What were the topics that fueled the pessimism? Here is an approximate list: inflation and dearness of energy, economic stagnation (near zero growth), the rise of the extreme right, political paralysis, loss of exports to China, decline of German car technology, high wealth inequality, imperfect assimilation of foreign-born population, inefficiency of German railways, dark streets in Berlin (saving of energy), full political dependence on the US. One could go on depending on the person I talked to, chance movements of conversation, and the daily mood.
To a foreign observer who might have disembarked into Germany not knowing much, that pessimism seems exaggerated. On the positive side of the current ledger one could list the overall wealth of the country, acceptance of more than 1 million Syrian refugees and almost as many from Ukraine, and full employment. Yet the negative tones dominate.
I think that the pessimistic mood dominates not only because of the current wars in Ukraine and in Israel/Palestine, and general uncertainty that has enveloped the world, and Europe in particular, but because of the resonance of current concerns with the events from one hundred years ago in Germany. It seemed to me that the current events played on three important German fears: runaway inflation, wrecking of democracy, and the rise of antisemitism. All three are grounded in the Weimar period, and like a person who has been once poisoned, the fear of a similar outcome is not assessed by the actual strength of the current “poison” but by past memories.
The fear of inflation that largely destroyed the credibility of the Weimar republic is well known. It has been behind extremely cautious German monetary and fiscal policies ever since the end of the World War II. The difference between the inflation of 1921-23 that attained at its peak the monthly rate of 30,000 percent, and the current single-digit annual inflation is enormous. Yet, the present inflation is driven by the rise in the prices of staples like energy and food. Its impact—however small in numbers—seems disproportionate. It affects poorer segments of the population much more than the rich.
This in turn raises, more acutely than before, the issue of wealth inequality and redistribution. Despite many years of social-democratic rule and an extensive welfare state, German wealth inequality is very high. According to SOEP household survey, 39 percent of the German population has zero (or quasi zero) net financial wealth, and almost 90 percent of the population rather negligible net financial, or non-housing, wealth (reflected in the fact that their monthly income from property is under 100 euros per person). This makes German wealth inequality (depending on the metric one uses) equal or even greater than the very high US wealth inequality. A feeling that many large fortunes are hidden or enjoy tax shelters thanks to different European schemes and tax competition between the EU countries, adds to the feeling of unfairness.
The second fear is that of fragility of democracy. That fear too seems, on the face of numbers, vastly exaggerated.
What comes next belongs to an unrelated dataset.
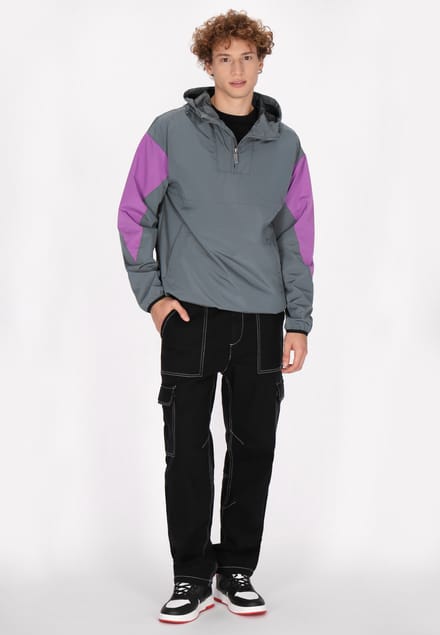Mo Blouson Heren Grijsblauw kleurblok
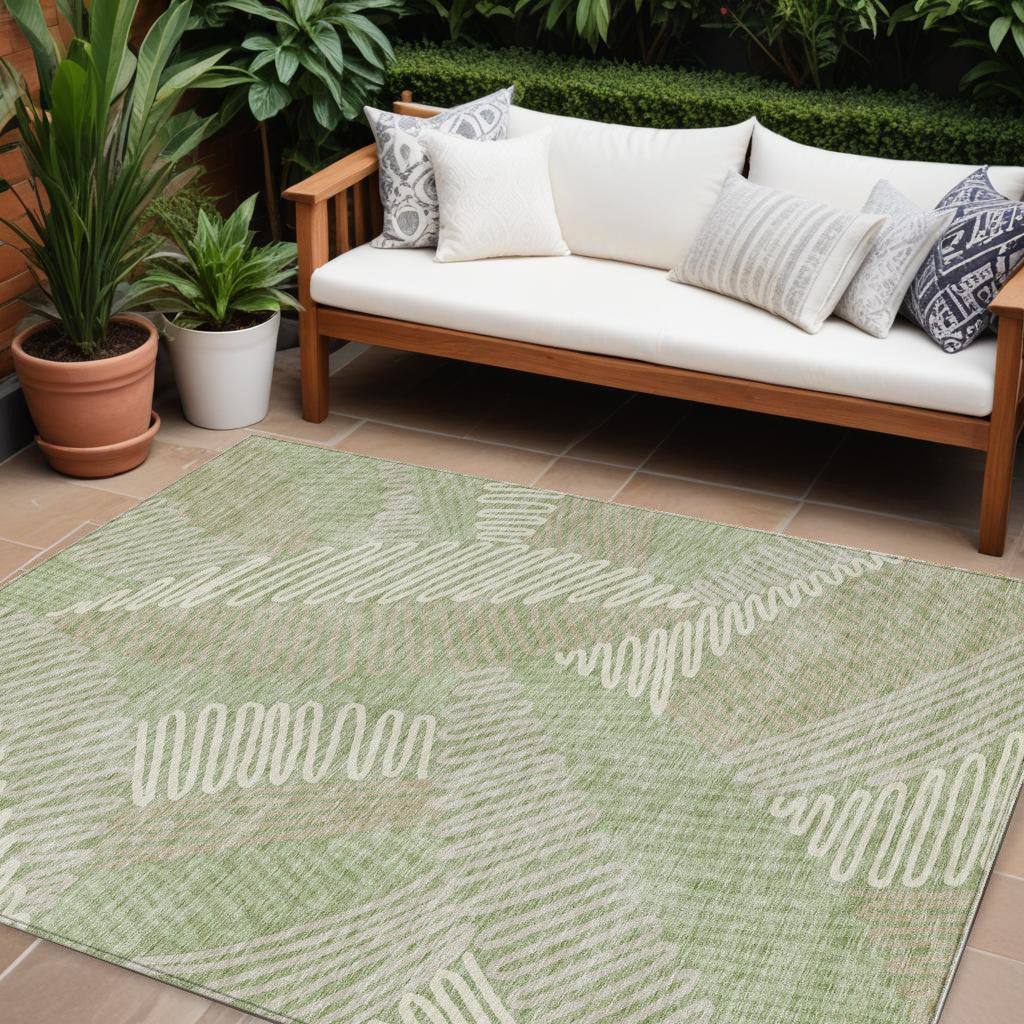10' X 14' Artichoke Green Brown And Ivory Floral Washable Indoor Outdoor Area Rug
But the full establishment of the Alternativ für Deutschland as a stable parliamentary party with about 10% of the vote, and not a passing fad like the Republicans in the past, serves as a reminders of a non-negligible chance of a sharp movement to the right, or of the right’s indirect influence on the coalition governments (of whatever hue they may be). There is of course no direct denial of democratic way of government by the AfD, nor (it would seem) any likelihood of them coming to power as a dominant member of a coalition, but the inchoate fear that one detects is more like a concern of a gradual erosion of democracy along the lines of what has happened in Hungary and perhaps in Poland. Both the form and some essential features of democracy may be retained but other essential features may be gradually diluted.
The third fear is, in a way, the most irrational but does not seem to me absent. Germany’s strong, and perhaps excessive, support for Israel in the current war in the Middle East has its obvious roots in the Shoah and the atonement for those crimes which the German public opinion and politicians have since the establishment of the Federal Republic put on a level of an almost core principle, equal to democratic governance and judiciary independence. The irony is that an excessive zeal in atonement might lead to the unquestionable acceptance of policies that lead to crimes committed against civilian populations. Germany thus faces an almost Greek-like drama: the desire to correct for past misdeeds may lead to the acceptance of current misdeeds.
The three fears displayed in the already gloomy atmosphere of the European global economic decline, unremitting immigration pressures from the South that Europe is unable to accommodate (as shown by the closing of frontiers in Nordic countries), its energy dependence, and absence of a distinct political voice, made me look at the unusually dark streets in Berlin—and indeed at well-lit and cheerful clubs and restaurants—with a somewhat greater foreboding than they deserve.